Tuesday, September 9th, 2008 By Marc Kilmer

Over at the Cato Institute’s Cato@Liberty blog, David Boaz has an excellent post on what he terms “Bailout Nation.” His premise is that failure in the free market is a good thing and that when government steps in it short-circuits the signals that help the market run efficiently, which hurts us all:

Capitalism is a system of profit and loss. It works because each person and each company, in seeking its own interest, is led “as if by an invisible hand” to supply goods and services that others want. Companies that satisfy consumers prosper. Companies that can’t produce goods that consumers want–like Chrysler, repeatedly–suffer and sometimes go out of business. The failures are often painful. But as Dwight Lee and Richard McKenzie wrote in their book Failure and Progress (or at least in this column based on the book), “Economic failure is to the economy what physical pain is to the body. No one enjoys pain, but without it the body would lack the information needed to maintain its health.” Government subsidies to prevent business failure simply keep pouring money into businesses that are relatively unsuccessful at satisfying consumer desires. They are, among other things, censorship of vitally needed information. Employees, entrepreneurs, and investors need to know where their money and talent are most valuable. Profits and losses are key indicators of that.

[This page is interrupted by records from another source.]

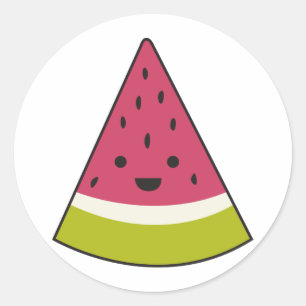 Happy Watermelon Ronde Sticker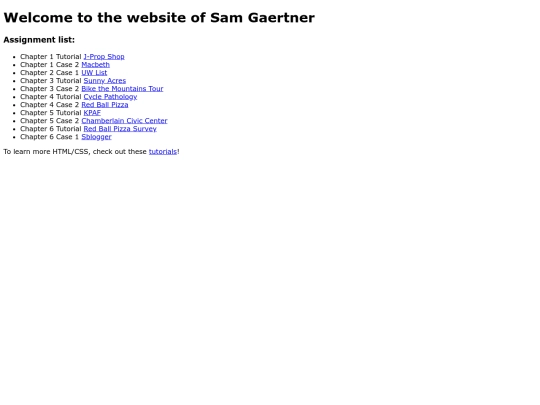 index screenshot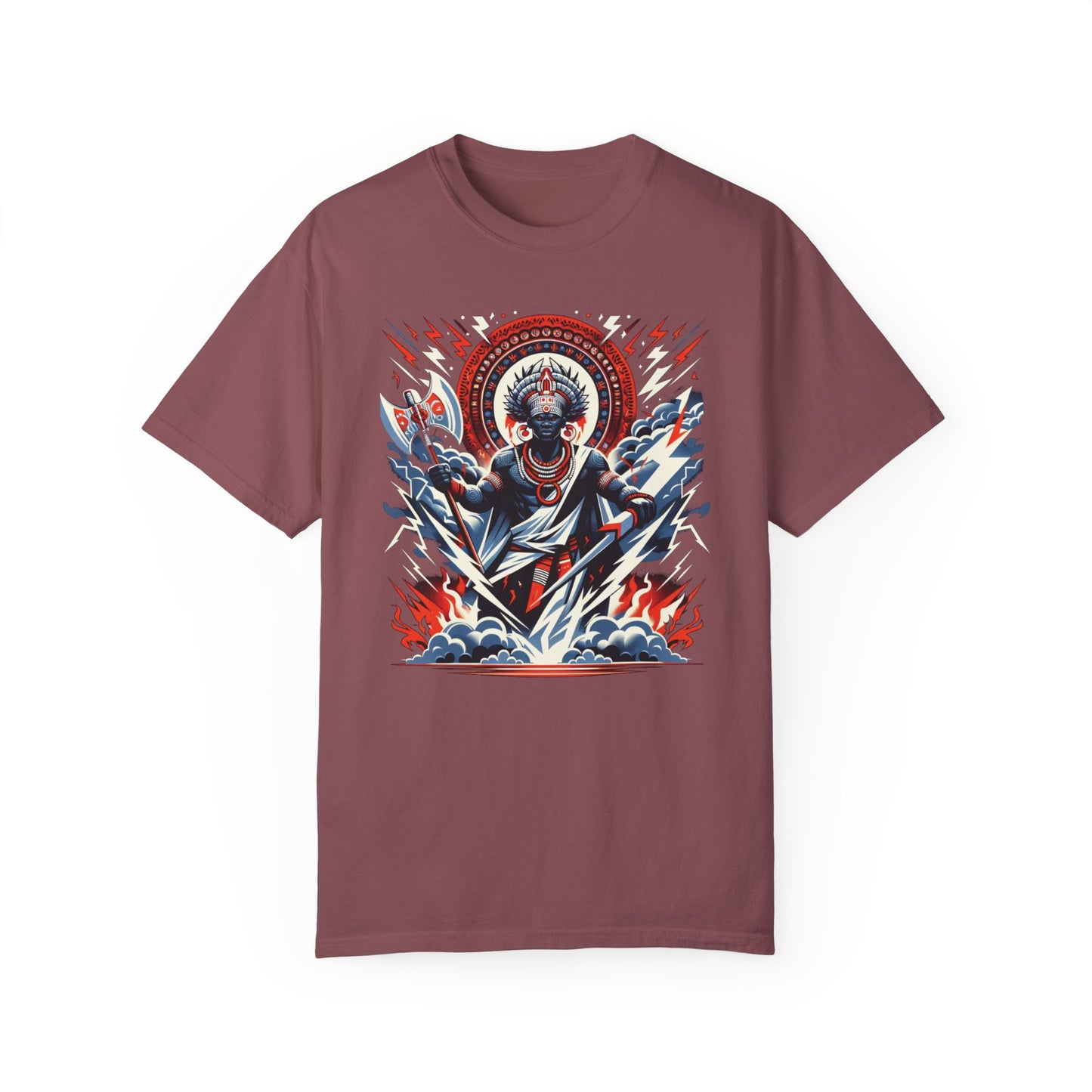 Sango: Yoruba God of Thunder and Lightning T-Shirt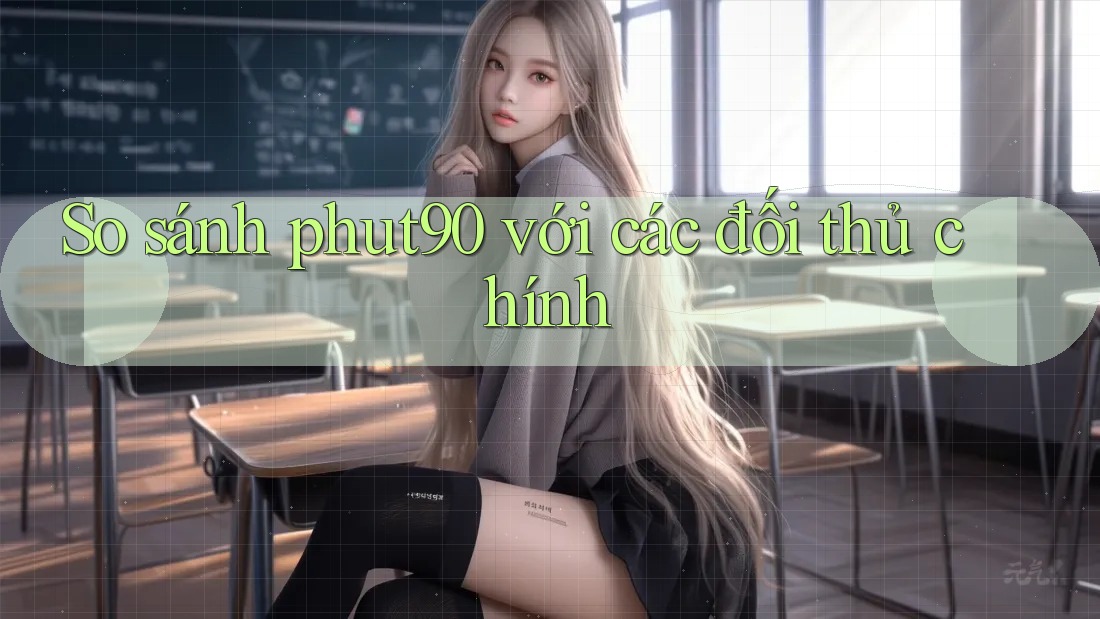 So sánh phut90 với các đối thủ chính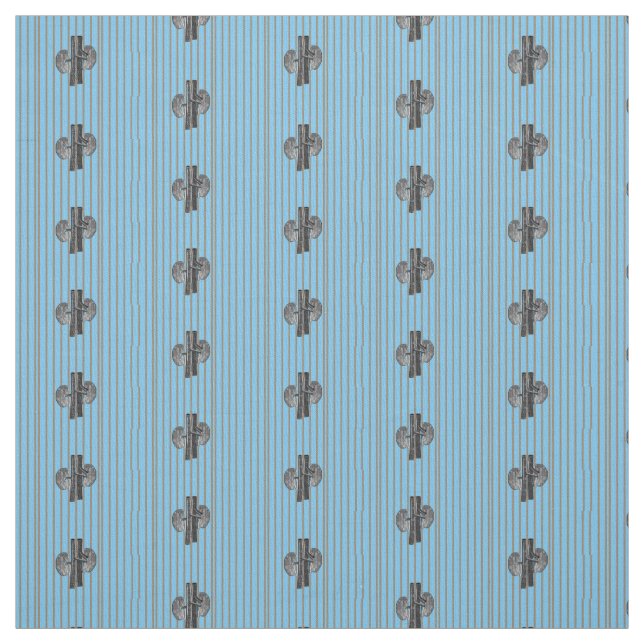 Kidneys Nephrology Blue Striped Fabric (Swatch)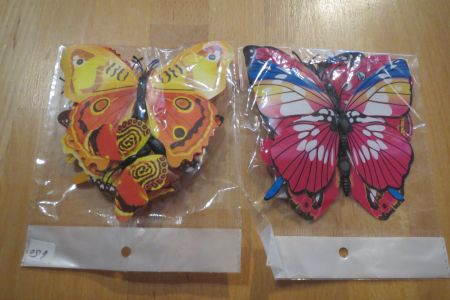 viele Schmetterlinge mit Aufklebepunkt /  2 Pack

When businesses make bad decisions, they should suffer economic losses. That’s how we keep the system honest and productive. Caroline Baum of Bloomberg points out that the bailout for subprime borrowers involved helping people to stay in homes that they couldn’t afford, in many cases because they misled lenders or connived with lenders who knew they could package and resell bad mortgages. When governments make bad decisions, they should not pour good money after bad. Instead, they should try to repeal burdensome regulations, privatize functions that ought to be private, and be willing to sell purchases they shouldn’t have made, even at a loss.